Natural hair can be hard enough as it is depending on thickness, length and the time you have available to deal with the care of your strands, but add high porosity levels into the mix and you have a whole new game to deal with! Let’s just say high porosity levels don’t make the management of your hair any easier, individuals who may have high porosity strands may be thinking “tell me something I don’t know”. So with that being said maybe I can. Stay with me as I breakdown the three levels of hair porosity (low, normal and high), and offer a few helpful tips that will ensure some successful results in maintaining your hair!




Low porosity hair is when the cuticle of the hair shaft is too compact and does not allow moisture to enter or leave the hair shaft. If you take a strand of your hair the shaft is overlapping scales which make up the outer layer of that strand, within that strand is your cortex. Hair with a low porosity level is more difficult to process and more resistant to chemicals also low porosity hair tends to reject product rather absorb it.
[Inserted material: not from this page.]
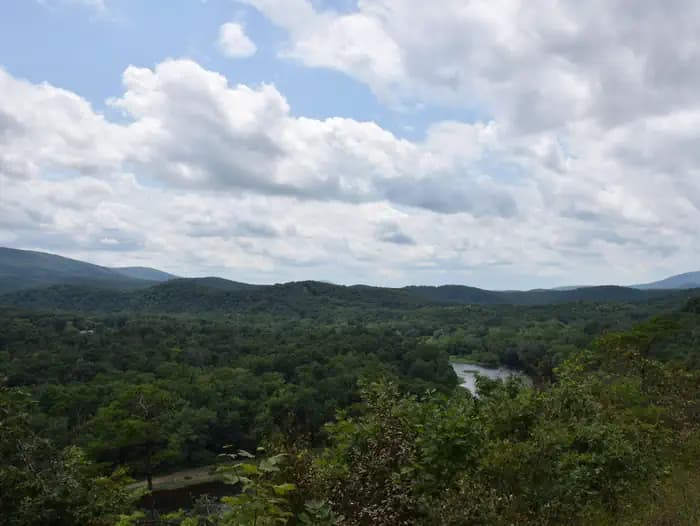 Fifteen Mile Creek Campsite campground in Maryland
This explains why an individual might have to wash their hair more frequently, because they experience much more buildup because the products will just sit on top of the strands rather than being absorbed by them.


Normal porosity hair is when the cuticle is compact and permits moisture to pass through the shaft into the cortex as necessary, but does not allow too much moisture (water) to penetrate the cortex, which means strands at normal levels are capable of absorbing 30% of its weight in water.
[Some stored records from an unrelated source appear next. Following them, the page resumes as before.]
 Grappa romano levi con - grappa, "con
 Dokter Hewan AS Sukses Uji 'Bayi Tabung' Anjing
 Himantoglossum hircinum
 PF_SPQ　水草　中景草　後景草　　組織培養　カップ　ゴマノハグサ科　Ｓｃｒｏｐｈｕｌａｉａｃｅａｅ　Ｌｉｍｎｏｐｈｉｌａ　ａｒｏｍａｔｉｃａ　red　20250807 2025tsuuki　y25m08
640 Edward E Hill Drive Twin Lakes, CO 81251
Now High porosity is irreparable damage to the cuticles of your hair shaft which is usually from the direct result of chemicals, too much heat and harsh treatment to your strands. The damage creates holes and spaces along your hair shaft. High porosity levels are capable of soaking up drastically higher amounts of water about 10-20% more than normal or low porosity hair. This can straight up spell disaster for your strands when wet, because the weight of the water absorbed by your hair can cause you to lose too much elasticity, which leads to breakage because of too much water weight stretching the strands beyond their comfort zone. So this is a good example of someone who might want to try dry detangling (with oils or butters) because regardless of hair type, all hair is at its weakest state when wet because of some loss of elasticity due to water weight.


Strand Water Glass Test

To find out the porosity of your hair I found a helpful test on where you take a strand of your hair (make sure your hair is free of any product because if not you will not reveal true results) and place it in a sink full of water (cold water is fine) or I tested my strand in a clear glass because for me it was easier to see. Normal to low porosity strands will float, but if your hair is of high porosity it will sink to the bottom of the glass from doubling over in its weight and becoming too heavy to float. (She also suggests leaving the strand in for about 5-8 minutes to see if it’s floating or not.)
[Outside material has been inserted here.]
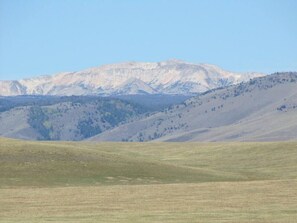 Niet-geclassificeerde afbeelding, 4 van 9, knop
*If you are testing your hair for the first time and finding out your strands are high porosity fear not here are three tips that may help you maintain high porosity strands. Also the individual strand can have multiple porosity levels.


Tip 1: Minimal to no Heat

Your cuticles have already been compromised and you are only risking breakage by using too much heat, in some cases any heat at all. Applying heated tools to your hair naturally absorbs moisture from your strands, and for high porosity strands this is absolutely treacherous ground that shouldn’t even be treaded upon. So if you are looking to maintain length with high porosity levels please stay clear of heat. Also remember improper use of heat on your hair could only take one time to cause irreparable damage to your strands.


Tip 2: Dry Detangling.

Now since high porosity strands equal weak hair, wet detangling may not be an option for you. Wet hair regardless of hair type is at its weakest state when wet because of some loss of elasticity due to water weight. Then add on top of that the stress that is enforced when you are pulling on your strands to detangle knots from your strands. High porosity strands plus wet hair most likely equal breakage under the strain of water weight and detangling, no matter how careful you may be! So dry detangling could definitely be a solution for you. Just remember when you dry detangle use your favorite oils, butters or both to aid in an easier detangling process (use as much oil as needed to give your strands plenty of slip).


Tip 3: Finger Detangling

Possessing normal porosity strands I am utterly in love with this method and for individuals with high porosity strands this could help you see a huge improvement in length and density of your hair as well. Since your fingers are a part of you they literally can feel more tangles within your hair, that you may be able to detangle that a comb being an inanimate object might simply break those strands, and especially if your strands are high porosity you need all the edge you can get. Now if you don’t want to completely throw away the use of the wide tooth comb just a little “good old fashion finger action” on a tangled section of hair before you use that wide tooth comb could decrease the amount of hair you lose after your detangling session.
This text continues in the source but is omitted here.